[Data records — start]
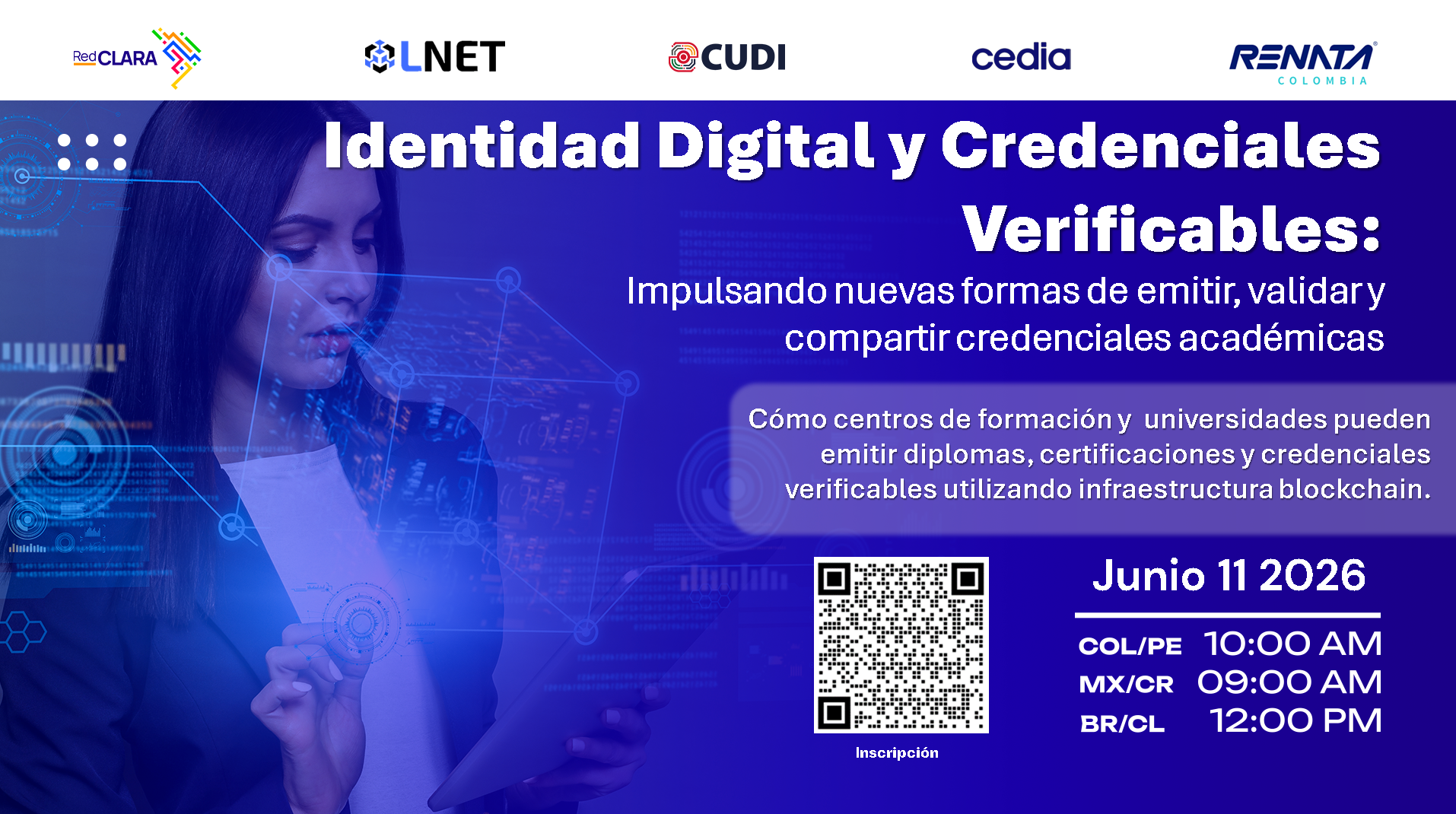 11 June: Don’t miss the blockchain session on ‘Digital Identity and Verifiable Credentials’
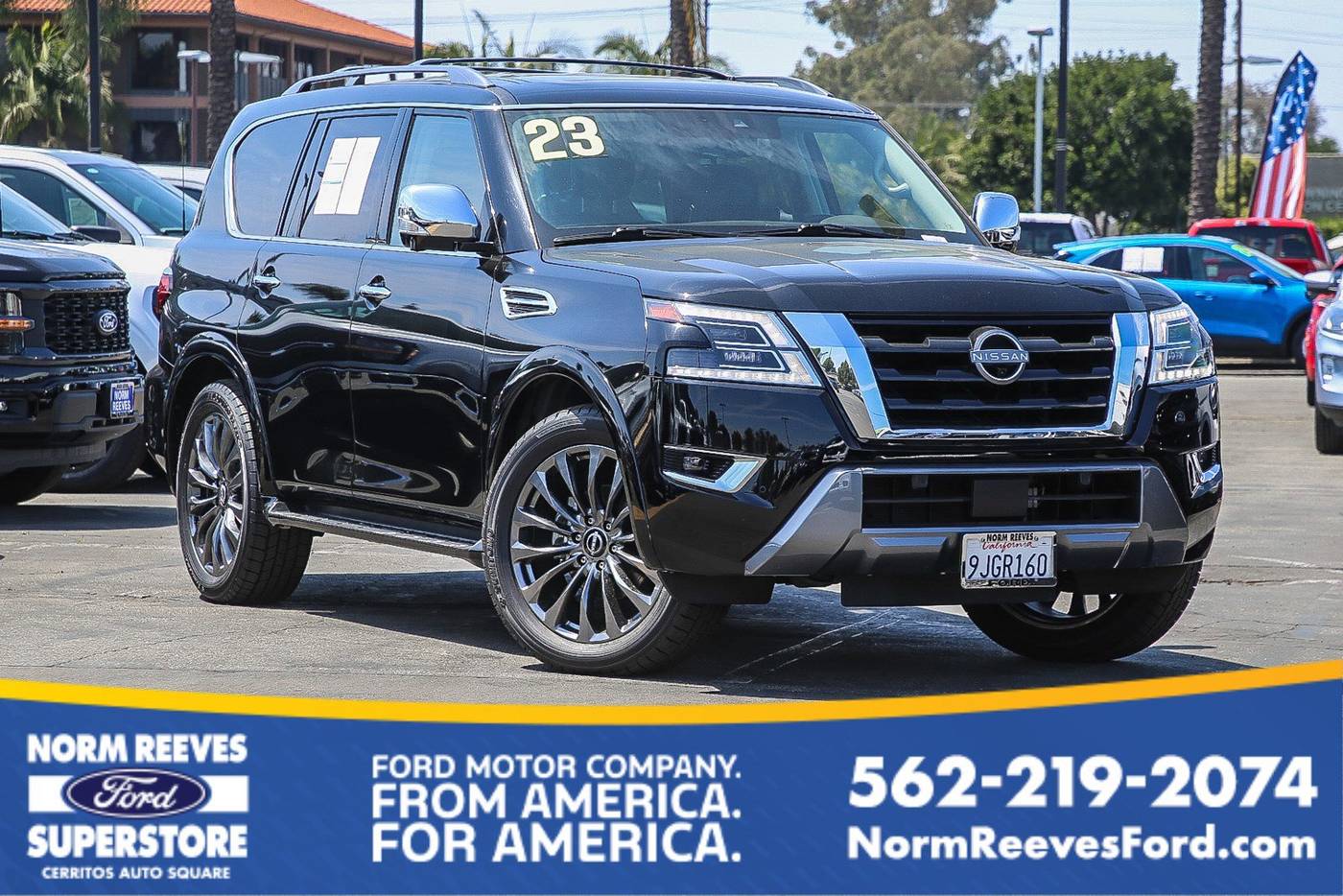2023 Nissan Armada Platinum — SUV — 21,804 mi — Cerritos, CA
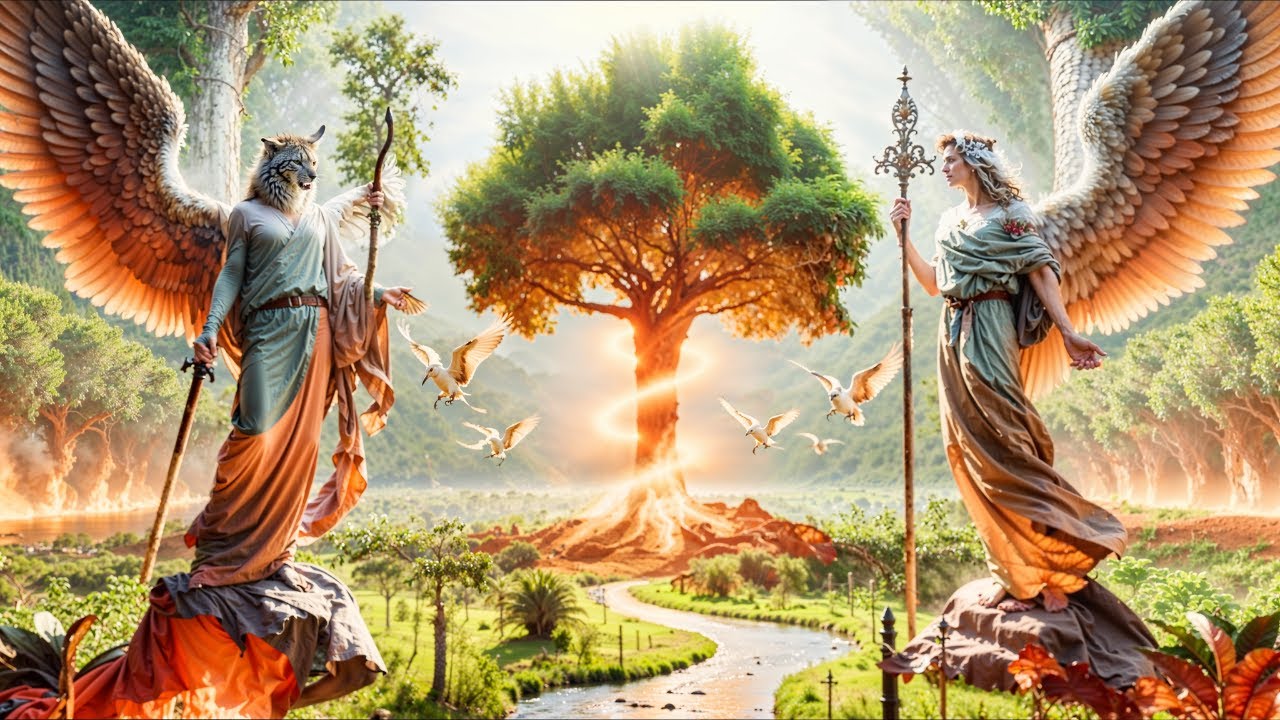 Detalhes sobre a ÁRVORE DA VIDA que muitos desconhecem - QUEM A PROTEGIA?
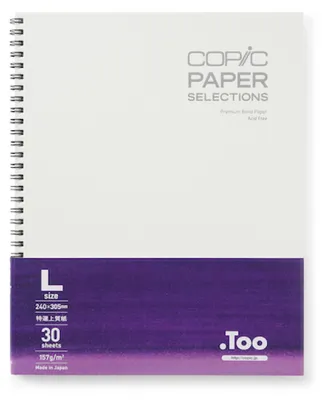 Produktbild von Copic Sketch Book L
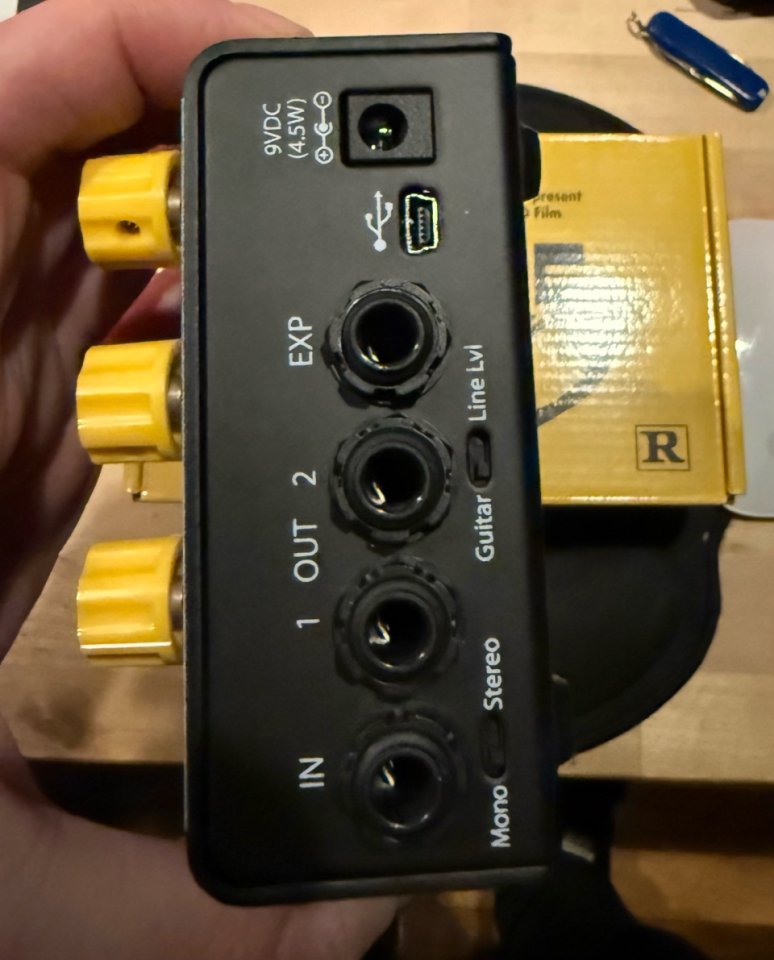 Pedal Knife Drop Eventide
[Data records — finish]
• **Required action**
Transcribe all the lines above exactly; any image among them is skipped.

• **Reply**
 11 June: Don’t miss the blockchain session on ‘Digital Identity and Verifiable Credentials’
2023 Nissan Armada Platinum — SUV — 21,804 mi — Cerritos, CA
 Detalhes sobre a ÁRVORE DA VIDA que muitos desconhecem - QUEM A PROTEGIA?
 Produktbild von Copic Sketch Book L
 Pedal Knife Drop Eventide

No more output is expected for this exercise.